Si pudiéramos observar la Tierra desde su satélite natural, la Luna, luciría como un planeta apacible, una esfera azul salpicada por masas de nubes sumida en una aparente e inalterable calma. Las grandes cuencas oceánicas y los mares, los continentes, las islas y los hielos perpetuos de los polos parecerían inmutables. Quizá tan sólo el movimiento de las nubes nos daría la impresión de que algo en ella cambia. Mirando desde ahí, tal vez muy pocos sabrían que la apariencia actual del planeta es el resultado de la acción acumulada, a lo largo de varios miles de millones de años, de fenómenos naturales como los sismos y los terremotos, las erupciones volcánicas, los huracanes, la erosión causada por el viento y el agua, así como por la actividad de los seres vivos.
Aún hoy día, esas fuerzas siguen modificando nuestro planeta: crean nuevas tierras y desaparecen otras, modelan las costas, remueven y alteran la vegetación y permiten la evolución de nuevas formas de plantas, animales y microorganismos. Nuestro mundo no es estático, está en continuo cambio.

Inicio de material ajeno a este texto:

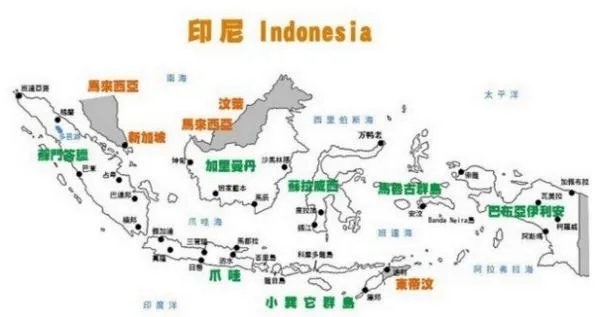 印度尼西亚属于哪个洲,印度尼西亚地图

Viajando hacia la Tierra y traspasando su atmósfera, se harían visibles las huellas de nuestra presencia. Si es
de noche, serán perceptibles los entramados de las zonas urbanas a manera de manchas de luz, así como
los caminos y las carreteras que las conectan; de día, los campos agrícolas y los caminos que cruzan bosques
y selvas serían reconocibles, tanto como los embalses que yacen detrás de las cortinas de las presas y las minas a cielo abierto, por mencionar tan sólo algunas cuantas de las huellas que la civilización moderna ha dejado sobre la superficie del globo.